Hergün bir niyet içindesinizdir. Bir takım işleri tamamlama niyetini kastetmiyorum burada, daha derin niyetlerden, daha ince seviyelerdeki niyetlerden bahsediyorum; tıpkı dünya nezdinde daha iyi olmak, mutlu olmak, mutluluk vermek, bencillikten vazgeçmek, büyümek, sevmek, bundan böyle sevmek gibi daha derin niyetlerinizden bahsediyorum. Öyleyse hikayenizin adı “Sevme Niyetim,” olsun. Bu niyeti taşıyın. Hayatınızın üzerine tuttuğunuz yüksek huzmeli, parlak bir ışıktır o.

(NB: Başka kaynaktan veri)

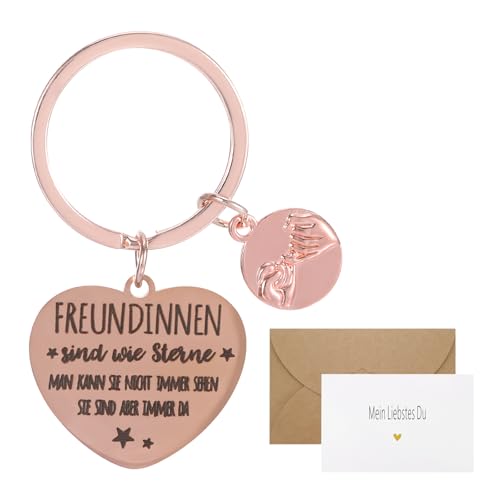 Schlüsselanhänger Freundin, Beste Freundin Geschenke, Geschenke für Freundin, Geburtstagskarte Freundin mit Umschlag, Geschenk Freundin Geburtstag, für Geburtstag Freundin, Abschied Uvm (Roségold) von ShinherYee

Niyetiniz, bir günü sorunsuzca geçirmekten daha fazlası olsun.
Gelin hikayenize şöyle bir başlık yazalım, “Hayatımda, Nasıl Güzel Bir Gün Yaratabilirim?” Güne başlamak için nasıl da harikulade bir başlıktır bu. Herkesin bu başlığı sizden aşırmasına müsaade edin. Herkese mal olsun o. Takviminize işlensin.
Bugünki hayat hikayeniz nasıl olacak? O hikayeyi ancak hayatla beraber yol alırken yazabilirsiniz. Bunu biliyorsunuz. Hikayenizde virajlar ve dönemeçler olacaktır. Bunların hepsini önceden kestirmek veya hepsinden kaçmayı başarmak mümkün olmayabilir, tüm bunlar size özel inşa edilmiş de olmayabilir. Tüm bildiğiniz, önünüzde bir günün olduğudur ve her şeye rağmen onu yaratmak ve şekillendirmek size kalmıştır. Aziz çocuklarım, eğer sizinki değilse o, başka kimin günüdür acaba?
Buzda kayıp düşebilirsiniz belki de. Bu düşüşü kendinizin yaratmadığını söyleyip itiraz edebilirsiniz, bunu siz istememişsinizdir, “Zaten kim böyle bir şeyi ister ki?” dersiniz. Fakat düşmüşsünüzdür işte – bunu tartışacak kim vardır ortada? Düştüğünüz an çoktan geçmişte kalmıştır. Şimdi, ne yaparsınız? Benim üzerinde durduğum nokta budur. Şimdi ne yaparsınız? Düşmeniz, çöküşünüz olmak zorunda değildir.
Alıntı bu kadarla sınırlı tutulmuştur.